A few weeks ago, I visited with representatives of the Innovation Center for U.S. Dairy about greenhouse-gas emissions. The Center, an industrywide forum created by Dairy Management Inc., the dairy-checkoff group, is spearheading research that will help the dairy industry reduce its “carbon footprint.” 

Frankly, it has taken me a while to fully embrace this concept. I, for one, believe that “global warming” is being driven by people who have a political agenda. I keep trying to determine what that agenda is:

  • More government control?
  • Financial profit? 
  • A sincere desire to help the environment? (If so, what’s with the private jets and limousines every time these people get together? The United Nations climate-change summit in Copenhagen, Denmark, last December was a prime example of this lavishness.) 

Last February, at the NMC (formerly National Mastitis Council) annual meeting, I heard compelling evidence from Dennis Avery of the Hudson Institute that the earth goes through warming and cooling cycles as part of a natural process. He described it as a solar-driven process rather than one caused by man.  

Nevertheless, I am the first to applaud the Innovation Center for the work it is doing on the issue. Regardless of personal beliefs, the main thing is to appear proactive and take global-warming seriously, since it is something that many consumers care about.

And, I have been pleasantly surprised to learn that the things a farm does to reduce greenhouse-gas emissions can also make it more efficient and profitable.

Here are some of the things the dairy industry can do to be proactive and drive the process rather than allowing government to step in and demand changes:

  • Increased adoption of manure digesters. (Someone will need to get the utility companies to offer more financial incentives.)
  • Conservation tillage.
  • Efficient use of fertilizer, particularly nitrogen fertilizer.
  • Improved efficiencies in processing, packaging and transportation.

Already, we are learning that the dairy “carbon footprint” is much lower than previously estimated.
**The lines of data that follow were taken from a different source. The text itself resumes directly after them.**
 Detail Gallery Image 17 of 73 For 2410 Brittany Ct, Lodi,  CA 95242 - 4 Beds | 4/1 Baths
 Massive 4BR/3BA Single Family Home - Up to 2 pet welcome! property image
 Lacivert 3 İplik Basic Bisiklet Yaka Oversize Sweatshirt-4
The United Nations threw out a red herring in 2006 with its report, “Livestock’s Long Shadow.” The report claimed that the world’s livestock sector was responsible for 18 percent of greenhouse-gas emissions — higher than the transportation sector. Since then, the report has been thoroughly debunked. For one thing, it was based on world-wide numbers and did not account for more efficient countries, like the United States. In the U.S., the dairy industry is responsible for only about 2 percent of total greenhouse-gas emissions.
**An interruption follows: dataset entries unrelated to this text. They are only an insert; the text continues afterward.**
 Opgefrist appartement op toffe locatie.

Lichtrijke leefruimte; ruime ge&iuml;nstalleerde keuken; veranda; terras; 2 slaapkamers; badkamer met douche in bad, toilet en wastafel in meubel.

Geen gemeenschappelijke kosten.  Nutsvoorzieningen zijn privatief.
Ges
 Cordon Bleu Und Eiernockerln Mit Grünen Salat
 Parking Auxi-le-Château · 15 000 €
Recent work at the University of Arkansas’ Applied Sustainability Center shows that the dairy industry generates 17.6 pounds of carbon-dioxide equivalent for every gallon of milk produced and sold through the marketing chain to the consumer.  That number will improve with further improvements in efficiency.

Bottom-line: The dairy industry has been a leader in reducing its carbon footprint over the past 70 years and will continue to do so by adopting more efficient techniques. It is a win-win situation for farms and the general public alike.